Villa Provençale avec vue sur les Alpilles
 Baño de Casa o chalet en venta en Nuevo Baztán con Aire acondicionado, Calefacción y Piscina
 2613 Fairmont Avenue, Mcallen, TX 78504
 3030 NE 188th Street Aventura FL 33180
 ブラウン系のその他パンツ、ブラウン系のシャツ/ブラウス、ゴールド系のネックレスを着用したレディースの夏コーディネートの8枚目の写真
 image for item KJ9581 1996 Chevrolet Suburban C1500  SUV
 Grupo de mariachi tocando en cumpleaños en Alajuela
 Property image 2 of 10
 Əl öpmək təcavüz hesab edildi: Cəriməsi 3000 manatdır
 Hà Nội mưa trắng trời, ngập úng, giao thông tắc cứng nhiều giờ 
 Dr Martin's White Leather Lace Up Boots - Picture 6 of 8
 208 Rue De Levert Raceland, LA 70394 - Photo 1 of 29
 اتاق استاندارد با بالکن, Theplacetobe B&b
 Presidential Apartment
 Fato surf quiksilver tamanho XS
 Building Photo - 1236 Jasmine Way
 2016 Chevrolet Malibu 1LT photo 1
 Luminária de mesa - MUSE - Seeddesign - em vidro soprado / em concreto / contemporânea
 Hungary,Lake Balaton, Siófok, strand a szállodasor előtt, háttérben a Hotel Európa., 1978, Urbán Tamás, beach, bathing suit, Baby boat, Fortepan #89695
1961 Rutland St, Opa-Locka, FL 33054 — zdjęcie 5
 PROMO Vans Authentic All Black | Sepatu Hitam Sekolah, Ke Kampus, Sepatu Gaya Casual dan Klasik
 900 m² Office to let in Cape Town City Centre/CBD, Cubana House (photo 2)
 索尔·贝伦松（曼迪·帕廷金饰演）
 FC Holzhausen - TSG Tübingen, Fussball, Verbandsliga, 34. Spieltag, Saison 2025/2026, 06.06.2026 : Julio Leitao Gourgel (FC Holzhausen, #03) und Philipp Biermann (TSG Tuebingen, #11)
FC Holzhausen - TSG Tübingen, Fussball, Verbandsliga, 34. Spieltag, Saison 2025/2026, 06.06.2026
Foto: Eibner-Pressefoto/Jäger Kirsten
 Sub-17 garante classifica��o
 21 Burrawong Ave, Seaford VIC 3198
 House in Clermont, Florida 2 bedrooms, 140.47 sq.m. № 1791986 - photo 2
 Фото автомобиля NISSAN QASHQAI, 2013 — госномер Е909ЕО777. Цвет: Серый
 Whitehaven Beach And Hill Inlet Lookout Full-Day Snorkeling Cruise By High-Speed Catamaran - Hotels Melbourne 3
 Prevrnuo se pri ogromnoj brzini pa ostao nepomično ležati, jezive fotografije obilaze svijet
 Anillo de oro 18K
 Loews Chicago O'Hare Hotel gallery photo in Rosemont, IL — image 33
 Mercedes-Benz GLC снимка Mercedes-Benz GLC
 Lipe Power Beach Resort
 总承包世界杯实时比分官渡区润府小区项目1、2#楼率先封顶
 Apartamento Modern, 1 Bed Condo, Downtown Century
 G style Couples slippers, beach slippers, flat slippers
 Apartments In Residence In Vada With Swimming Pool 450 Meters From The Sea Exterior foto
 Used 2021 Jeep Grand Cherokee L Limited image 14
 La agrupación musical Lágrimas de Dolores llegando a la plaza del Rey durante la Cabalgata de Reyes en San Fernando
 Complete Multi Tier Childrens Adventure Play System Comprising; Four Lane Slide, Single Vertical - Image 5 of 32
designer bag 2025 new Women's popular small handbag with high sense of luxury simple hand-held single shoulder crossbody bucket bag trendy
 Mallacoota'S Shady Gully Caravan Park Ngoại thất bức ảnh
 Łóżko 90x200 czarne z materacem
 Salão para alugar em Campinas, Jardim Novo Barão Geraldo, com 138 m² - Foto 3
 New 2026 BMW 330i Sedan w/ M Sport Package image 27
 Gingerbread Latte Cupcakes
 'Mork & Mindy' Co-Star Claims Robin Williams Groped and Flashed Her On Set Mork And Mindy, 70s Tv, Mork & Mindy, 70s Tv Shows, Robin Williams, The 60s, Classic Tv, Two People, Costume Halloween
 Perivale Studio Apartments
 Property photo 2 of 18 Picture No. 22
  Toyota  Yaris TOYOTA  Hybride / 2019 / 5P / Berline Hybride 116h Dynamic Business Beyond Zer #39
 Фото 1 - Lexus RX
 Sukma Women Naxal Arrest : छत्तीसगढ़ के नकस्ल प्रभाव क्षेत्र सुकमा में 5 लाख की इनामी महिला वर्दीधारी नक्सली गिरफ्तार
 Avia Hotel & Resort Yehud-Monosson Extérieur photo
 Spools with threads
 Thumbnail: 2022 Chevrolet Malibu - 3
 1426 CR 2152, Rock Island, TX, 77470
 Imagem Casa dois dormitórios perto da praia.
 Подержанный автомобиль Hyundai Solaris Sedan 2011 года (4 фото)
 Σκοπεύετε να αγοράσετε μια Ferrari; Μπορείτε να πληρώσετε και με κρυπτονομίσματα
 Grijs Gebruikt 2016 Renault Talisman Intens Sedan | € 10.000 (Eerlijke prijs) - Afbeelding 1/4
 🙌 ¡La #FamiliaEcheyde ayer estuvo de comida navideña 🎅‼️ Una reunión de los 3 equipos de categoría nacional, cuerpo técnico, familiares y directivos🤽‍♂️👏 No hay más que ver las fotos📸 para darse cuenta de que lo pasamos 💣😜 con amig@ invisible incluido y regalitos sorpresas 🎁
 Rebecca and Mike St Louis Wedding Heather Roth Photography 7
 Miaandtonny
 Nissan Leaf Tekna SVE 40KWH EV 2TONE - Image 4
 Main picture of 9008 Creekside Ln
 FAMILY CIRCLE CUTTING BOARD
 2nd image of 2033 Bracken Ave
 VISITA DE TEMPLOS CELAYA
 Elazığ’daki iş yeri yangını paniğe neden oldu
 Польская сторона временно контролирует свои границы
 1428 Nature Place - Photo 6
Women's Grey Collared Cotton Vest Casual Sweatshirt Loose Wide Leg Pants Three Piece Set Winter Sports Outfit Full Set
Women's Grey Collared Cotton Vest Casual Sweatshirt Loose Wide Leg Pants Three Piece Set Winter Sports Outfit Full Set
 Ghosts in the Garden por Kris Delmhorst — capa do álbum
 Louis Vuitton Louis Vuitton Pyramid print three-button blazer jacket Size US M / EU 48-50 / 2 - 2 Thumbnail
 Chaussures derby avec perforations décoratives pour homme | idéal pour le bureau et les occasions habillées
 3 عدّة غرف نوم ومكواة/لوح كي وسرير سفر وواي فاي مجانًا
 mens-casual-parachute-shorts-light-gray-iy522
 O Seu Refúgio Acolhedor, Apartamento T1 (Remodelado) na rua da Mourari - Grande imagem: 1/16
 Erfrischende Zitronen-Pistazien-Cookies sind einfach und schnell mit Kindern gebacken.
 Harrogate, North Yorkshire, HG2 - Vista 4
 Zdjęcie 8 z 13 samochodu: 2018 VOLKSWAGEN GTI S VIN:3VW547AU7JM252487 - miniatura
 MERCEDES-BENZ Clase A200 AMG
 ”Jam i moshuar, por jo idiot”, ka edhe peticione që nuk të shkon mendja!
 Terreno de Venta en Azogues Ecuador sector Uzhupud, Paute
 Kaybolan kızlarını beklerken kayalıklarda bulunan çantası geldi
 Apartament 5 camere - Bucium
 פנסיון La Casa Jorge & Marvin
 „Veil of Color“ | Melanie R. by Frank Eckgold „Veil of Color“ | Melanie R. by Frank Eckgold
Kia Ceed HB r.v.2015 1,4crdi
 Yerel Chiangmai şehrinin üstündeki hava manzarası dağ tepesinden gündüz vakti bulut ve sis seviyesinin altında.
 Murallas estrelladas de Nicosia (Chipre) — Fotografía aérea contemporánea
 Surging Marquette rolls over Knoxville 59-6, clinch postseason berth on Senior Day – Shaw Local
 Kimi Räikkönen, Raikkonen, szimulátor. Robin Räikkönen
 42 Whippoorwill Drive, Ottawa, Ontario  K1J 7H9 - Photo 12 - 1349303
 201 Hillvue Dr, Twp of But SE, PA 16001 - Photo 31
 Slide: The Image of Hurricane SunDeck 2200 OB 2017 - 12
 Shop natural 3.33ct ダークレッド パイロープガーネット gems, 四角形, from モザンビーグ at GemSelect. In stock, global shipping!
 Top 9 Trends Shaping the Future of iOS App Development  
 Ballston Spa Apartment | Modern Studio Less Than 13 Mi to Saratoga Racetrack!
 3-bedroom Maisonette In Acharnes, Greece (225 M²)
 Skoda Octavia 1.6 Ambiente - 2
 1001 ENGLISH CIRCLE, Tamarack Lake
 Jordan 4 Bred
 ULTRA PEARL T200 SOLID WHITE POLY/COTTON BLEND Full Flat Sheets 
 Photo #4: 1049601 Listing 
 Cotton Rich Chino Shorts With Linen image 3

----

__Activity__: Return nothing but the lines from the start of the listing above through the line containing "Grupo de mariachi", exactly as given.

__Exercise solution__:
Villa Provençale avec vue sur les Alpilles
 Baño de Casa o chalet en venta en Nuevo Baztán con Aire acondicionado, Calefacción y Piscina
 2613 Fairmont Avenue, Mcallen, TX 78504
 3030 NE 188th Street Aventura FL 33180
 ブラウン系のその他パンツ、ブラウン系のシャツ/ブラウス、ゴールド系のネックレスを着用したレディースの夏コーディネートの8枚目の写真
 image for item KJ9581 1996 Chevrolet Suburban C1500  SUV
 Grupo de mariachi tocando en cumpleaños en Alajuela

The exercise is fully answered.